> **EXERCISE INSTRUCTIONS**
Beginning at the line with "1x2 SC/UPC to", output each line to the end of the listing below exactly, please.

> **SUPPLIED DATA**
*** Begin section ***
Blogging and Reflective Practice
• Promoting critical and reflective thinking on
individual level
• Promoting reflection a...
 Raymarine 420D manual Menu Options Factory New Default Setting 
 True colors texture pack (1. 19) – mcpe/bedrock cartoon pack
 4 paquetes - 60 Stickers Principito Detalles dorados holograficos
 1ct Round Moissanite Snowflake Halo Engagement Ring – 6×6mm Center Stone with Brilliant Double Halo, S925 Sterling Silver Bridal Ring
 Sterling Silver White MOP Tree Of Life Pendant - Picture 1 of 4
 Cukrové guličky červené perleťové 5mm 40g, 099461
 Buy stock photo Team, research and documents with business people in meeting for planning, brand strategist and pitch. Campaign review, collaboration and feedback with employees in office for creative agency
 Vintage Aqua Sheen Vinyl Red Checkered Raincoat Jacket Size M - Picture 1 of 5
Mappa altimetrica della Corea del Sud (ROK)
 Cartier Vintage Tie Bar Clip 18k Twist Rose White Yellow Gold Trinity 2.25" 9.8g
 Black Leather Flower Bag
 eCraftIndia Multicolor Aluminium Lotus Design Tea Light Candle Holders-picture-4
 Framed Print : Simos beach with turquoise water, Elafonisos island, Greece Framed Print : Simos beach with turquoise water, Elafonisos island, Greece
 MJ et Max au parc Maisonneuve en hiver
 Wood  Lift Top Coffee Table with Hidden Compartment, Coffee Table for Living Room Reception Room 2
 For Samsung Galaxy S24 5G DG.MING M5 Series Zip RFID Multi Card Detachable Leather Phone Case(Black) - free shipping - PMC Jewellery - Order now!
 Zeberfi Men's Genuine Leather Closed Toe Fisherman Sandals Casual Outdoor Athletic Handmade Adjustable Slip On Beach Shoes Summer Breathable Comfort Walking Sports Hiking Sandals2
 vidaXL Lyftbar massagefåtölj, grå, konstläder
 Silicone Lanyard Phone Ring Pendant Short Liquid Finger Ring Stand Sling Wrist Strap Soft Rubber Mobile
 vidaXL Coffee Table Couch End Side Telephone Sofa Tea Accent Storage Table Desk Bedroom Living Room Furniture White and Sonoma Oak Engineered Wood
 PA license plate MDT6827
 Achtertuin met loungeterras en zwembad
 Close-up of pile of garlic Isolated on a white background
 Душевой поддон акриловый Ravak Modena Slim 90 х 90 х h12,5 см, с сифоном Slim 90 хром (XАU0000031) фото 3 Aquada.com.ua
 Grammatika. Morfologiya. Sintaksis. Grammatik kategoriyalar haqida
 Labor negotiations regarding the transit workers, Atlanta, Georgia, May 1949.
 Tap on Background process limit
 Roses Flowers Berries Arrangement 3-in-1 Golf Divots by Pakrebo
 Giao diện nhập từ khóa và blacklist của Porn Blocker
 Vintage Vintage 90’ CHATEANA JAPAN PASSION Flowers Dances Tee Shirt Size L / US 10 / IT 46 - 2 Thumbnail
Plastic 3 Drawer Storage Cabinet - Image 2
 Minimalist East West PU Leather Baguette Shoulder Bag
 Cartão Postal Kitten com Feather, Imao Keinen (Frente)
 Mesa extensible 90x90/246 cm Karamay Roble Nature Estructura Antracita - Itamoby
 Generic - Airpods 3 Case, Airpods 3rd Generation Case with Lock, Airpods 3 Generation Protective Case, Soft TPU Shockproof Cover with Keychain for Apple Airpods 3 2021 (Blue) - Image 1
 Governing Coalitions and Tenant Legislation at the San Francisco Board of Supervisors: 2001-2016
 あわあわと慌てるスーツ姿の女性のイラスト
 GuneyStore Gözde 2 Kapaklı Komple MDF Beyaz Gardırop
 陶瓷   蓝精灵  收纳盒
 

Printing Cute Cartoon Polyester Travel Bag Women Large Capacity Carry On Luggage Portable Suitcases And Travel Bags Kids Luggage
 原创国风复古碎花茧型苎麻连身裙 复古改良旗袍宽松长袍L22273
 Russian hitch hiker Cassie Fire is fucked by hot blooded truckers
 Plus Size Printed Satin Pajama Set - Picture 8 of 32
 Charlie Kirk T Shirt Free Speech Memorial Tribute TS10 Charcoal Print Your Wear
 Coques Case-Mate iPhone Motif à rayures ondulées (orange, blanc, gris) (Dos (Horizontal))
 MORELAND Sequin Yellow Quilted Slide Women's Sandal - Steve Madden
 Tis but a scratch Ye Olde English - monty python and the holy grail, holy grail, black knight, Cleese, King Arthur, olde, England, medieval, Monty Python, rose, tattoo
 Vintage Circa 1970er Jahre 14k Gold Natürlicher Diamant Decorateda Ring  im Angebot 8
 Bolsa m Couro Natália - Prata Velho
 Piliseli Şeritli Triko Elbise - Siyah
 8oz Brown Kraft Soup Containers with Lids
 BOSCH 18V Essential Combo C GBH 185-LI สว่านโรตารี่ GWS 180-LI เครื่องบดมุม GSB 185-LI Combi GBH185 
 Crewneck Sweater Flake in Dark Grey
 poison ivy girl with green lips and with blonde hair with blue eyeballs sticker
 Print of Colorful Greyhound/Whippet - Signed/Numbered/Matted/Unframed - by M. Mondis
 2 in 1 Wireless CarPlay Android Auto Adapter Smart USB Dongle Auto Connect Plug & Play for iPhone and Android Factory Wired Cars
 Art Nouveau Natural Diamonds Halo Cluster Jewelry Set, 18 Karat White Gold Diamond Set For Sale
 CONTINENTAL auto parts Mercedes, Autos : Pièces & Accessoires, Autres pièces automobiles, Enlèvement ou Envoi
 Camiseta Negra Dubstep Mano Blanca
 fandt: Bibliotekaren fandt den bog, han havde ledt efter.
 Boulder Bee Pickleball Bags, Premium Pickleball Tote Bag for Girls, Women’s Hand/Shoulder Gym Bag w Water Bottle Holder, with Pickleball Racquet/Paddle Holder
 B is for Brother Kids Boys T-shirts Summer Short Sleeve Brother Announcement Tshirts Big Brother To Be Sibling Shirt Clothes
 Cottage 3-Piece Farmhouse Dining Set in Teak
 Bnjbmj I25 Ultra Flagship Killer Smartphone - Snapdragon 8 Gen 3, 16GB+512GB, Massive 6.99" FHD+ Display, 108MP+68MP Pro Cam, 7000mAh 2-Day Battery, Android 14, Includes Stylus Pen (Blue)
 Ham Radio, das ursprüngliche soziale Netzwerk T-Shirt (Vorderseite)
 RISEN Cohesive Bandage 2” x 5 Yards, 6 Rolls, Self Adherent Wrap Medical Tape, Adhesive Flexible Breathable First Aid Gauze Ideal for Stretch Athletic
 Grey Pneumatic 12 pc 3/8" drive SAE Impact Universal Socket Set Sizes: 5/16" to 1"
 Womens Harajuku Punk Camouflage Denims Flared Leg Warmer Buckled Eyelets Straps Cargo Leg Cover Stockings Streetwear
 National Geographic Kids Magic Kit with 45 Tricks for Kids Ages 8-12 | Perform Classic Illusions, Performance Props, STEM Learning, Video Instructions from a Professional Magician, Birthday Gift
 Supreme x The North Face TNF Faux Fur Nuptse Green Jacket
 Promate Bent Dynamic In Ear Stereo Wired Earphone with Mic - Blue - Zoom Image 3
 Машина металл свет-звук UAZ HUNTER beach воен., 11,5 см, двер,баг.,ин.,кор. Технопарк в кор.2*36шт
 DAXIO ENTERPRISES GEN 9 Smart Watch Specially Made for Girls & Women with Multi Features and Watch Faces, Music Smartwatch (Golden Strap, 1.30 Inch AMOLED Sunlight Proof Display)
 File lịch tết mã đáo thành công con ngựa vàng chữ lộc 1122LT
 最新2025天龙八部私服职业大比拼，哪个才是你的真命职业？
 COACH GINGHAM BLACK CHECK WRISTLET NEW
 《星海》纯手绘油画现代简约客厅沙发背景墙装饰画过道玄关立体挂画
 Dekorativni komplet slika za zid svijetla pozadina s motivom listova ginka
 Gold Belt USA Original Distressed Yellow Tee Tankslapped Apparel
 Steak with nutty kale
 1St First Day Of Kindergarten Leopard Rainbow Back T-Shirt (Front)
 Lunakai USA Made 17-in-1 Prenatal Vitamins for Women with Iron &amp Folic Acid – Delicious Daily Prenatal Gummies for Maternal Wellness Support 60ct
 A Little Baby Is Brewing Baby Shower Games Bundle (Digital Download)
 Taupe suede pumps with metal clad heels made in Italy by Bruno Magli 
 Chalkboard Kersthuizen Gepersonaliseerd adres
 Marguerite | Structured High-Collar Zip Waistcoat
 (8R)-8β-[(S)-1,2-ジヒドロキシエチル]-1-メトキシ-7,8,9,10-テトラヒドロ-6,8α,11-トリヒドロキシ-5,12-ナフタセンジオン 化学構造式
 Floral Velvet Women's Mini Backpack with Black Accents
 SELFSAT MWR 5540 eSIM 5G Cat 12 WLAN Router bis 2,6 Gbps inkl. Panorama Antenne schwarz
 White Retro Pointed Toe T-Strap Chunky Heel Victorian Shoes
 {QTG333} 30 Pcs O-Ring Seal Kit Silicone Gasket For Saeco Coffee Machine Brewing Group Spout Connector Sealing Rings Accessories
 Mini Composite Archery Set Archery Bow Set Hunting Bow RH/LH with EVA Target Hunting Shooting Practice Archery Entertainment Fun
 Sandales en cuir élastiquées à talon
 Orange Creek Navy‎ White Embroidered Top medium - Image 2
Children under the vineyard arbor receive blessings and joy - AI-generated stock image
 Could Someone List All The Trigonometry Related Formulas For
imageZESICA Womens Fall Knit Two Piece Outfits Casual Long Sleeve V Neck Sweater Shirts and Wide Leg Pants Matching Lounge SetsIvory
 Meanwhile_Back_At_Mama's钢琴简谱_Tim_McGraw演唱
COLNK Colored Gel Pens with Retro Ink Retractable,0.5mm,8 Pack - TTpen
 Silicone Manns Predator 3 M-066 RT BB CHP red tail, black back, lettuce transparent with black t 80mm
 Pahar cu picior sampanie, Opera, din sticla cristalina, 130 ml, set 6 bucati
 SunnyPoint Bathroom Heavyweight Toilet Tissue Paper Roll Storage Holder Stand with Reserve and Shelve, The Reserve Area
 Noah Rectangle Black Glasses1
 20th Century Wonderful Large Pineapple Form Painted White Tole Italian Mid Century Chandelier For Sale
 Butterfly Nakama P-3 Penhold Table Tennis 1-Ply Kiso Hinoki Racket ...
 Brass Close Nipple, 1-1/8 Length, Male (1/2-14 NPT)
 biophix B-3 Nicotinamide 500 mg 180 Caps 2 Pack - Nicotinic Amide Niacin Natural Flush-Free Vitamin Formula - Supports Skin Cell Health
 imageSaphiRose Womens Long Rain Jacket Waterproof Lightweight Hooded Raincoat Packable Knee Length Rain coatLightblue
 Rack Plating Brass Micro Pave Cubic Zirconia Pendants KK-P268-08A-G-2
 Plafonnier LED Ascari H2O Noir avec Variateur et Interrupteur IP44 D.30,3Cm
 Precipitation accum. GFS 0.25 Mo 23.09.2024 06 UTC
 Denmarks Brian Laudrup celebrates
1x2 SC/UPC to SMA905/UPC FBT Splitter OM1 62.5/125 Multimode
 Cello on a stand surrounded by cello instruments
*** End section ***
> **REPLY**
1x2 SC/UPC to SMA905/UPC FBT Splitter OM1 62.5/125 Multimode
 Cello on a stand surrounded by cello instruments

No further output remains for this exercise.